Output details
34 - Art and Design: History, Practice and Theory
University of Reading : A - Art
The performativity of art
For a roundtable discussion at the launch of the London Graduate School (available on youtube), comprising the Director of the LGS and two participants who had been made Permanent Fellows of it, Dronsfield introduced an anomaly in the work of Jacques Derrida which he subsequently developed into a paper for the inaugural LGS ‘Reading Derrida’ Symposium, and finally for this book chapter. After the presentation of his seminal paper ‘Signature événement contexte’ (1971), in which the deconstruction of performativity is first set forth, Derrida is challenged by his interlocutors, including Paul Ricoeur, to explain how the concept of iterability, so central to performativity, takes account of art. In Dronsfield’s view Derrida struggles to do so in the ensuing discussion, and despite his paper having proved so hugely influential for the development of theories of performativity, the exchange following it has not been discussed anywhere in the secondary literature. Nor is there any sustained attempt to come to grips with the problem. This paper makes good that lacuna. It is Dronsfield’s contention that Derrida spent much of the next few years addressing the question, but to little avail because he privileges philosophy over art in general, and the word over the image in particular, something Dronsfield first contended in his entry on Derrida for ‘Fifty Key Thinkers on Art’ (Berg 2009).
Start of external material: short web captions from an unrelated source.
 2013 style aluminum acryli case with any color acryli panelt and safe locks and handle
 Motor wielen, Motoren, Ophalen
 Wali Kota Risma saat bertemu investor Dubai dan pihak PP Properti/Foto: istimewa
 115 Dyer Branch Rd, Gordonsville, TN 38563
For Derrida there is no performativity of art without the ‘countersignature’ of the viewer or the institution, but at the same time he argues that the signature in visual art does not function in the same performative way that it does in literature, something Dronsfield shows to be false by examining Derrida’s own collaborations with artists, which again is something yet to be discussed in the literature. The essay has been abstracted in ‘Philosopher’s Index’, Winter 2013.